- _WHAT NEEDS TO BE DONE_
Please print every record below exactly as it appears, but leave out the pictures.

----------------

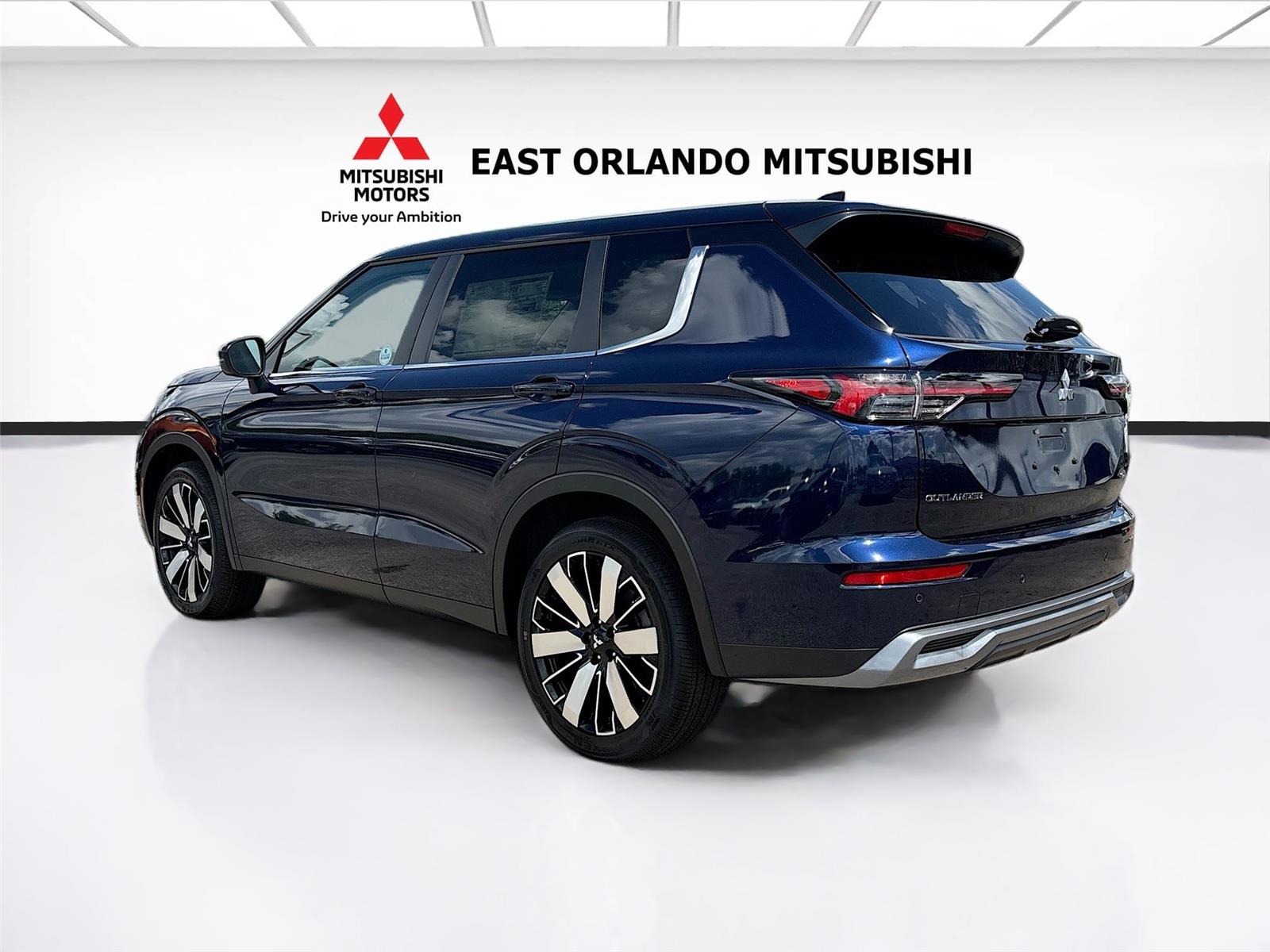 2026 Mitsubishi Outlander SE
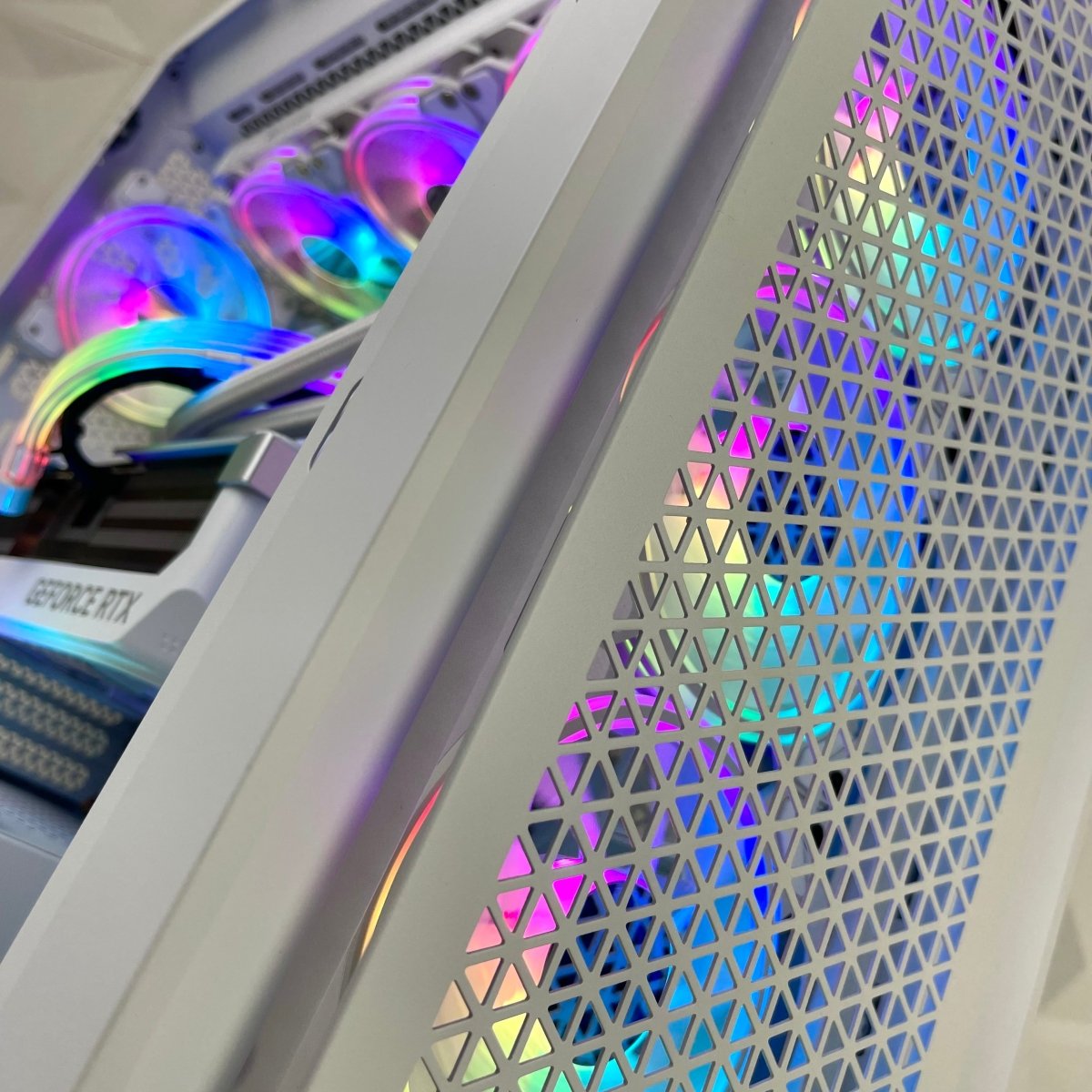 IGaming Intel Core i9 14900KF | RTX 4080S-4090 | 64GB Ram | 5000D Titan Frostfiend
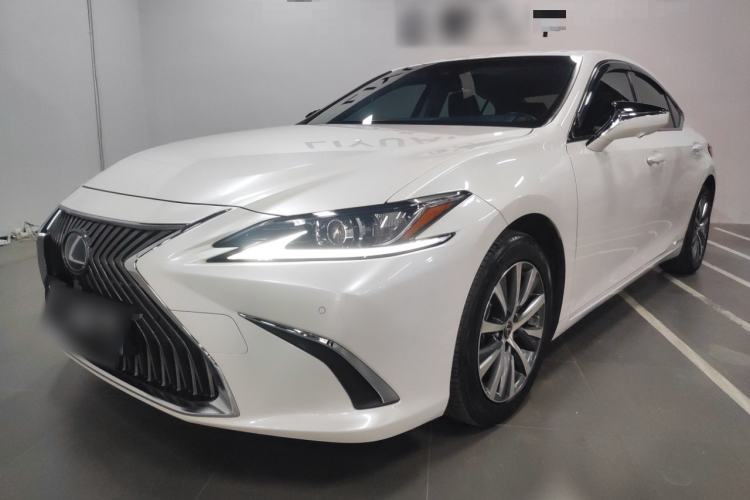 Used Lexus ES 2018 300h Premier Edition China VI Standard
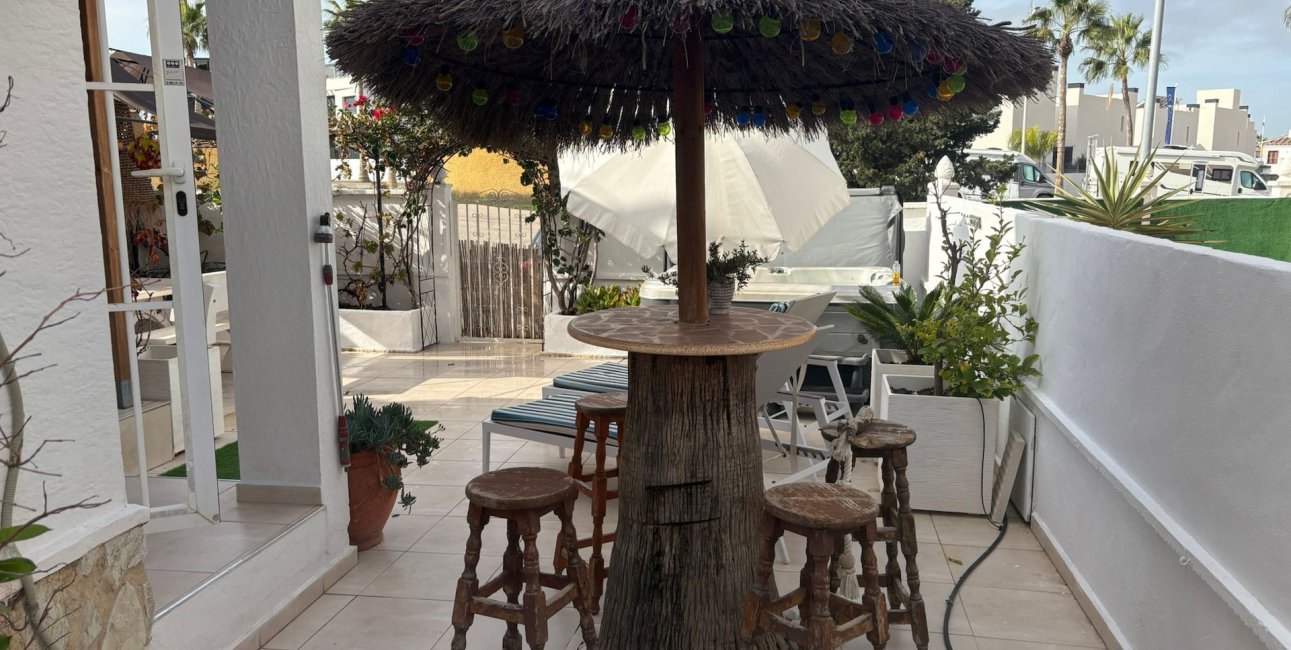 Resale - Townhouse -
Algorfa - Montemar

----------------

- _TASK SOLUTION_
 2026 Mitsubishi Outlander SE
 IGaming Intel Core i9 14900KF | RTX 4080S-4090 | 64GB Ram | 5000D Titan Frostfiend
 Used Lexus ES 2018 300h Premier Edition China VI Standard
 Resale - Townhouse -
Algorfa - Montemar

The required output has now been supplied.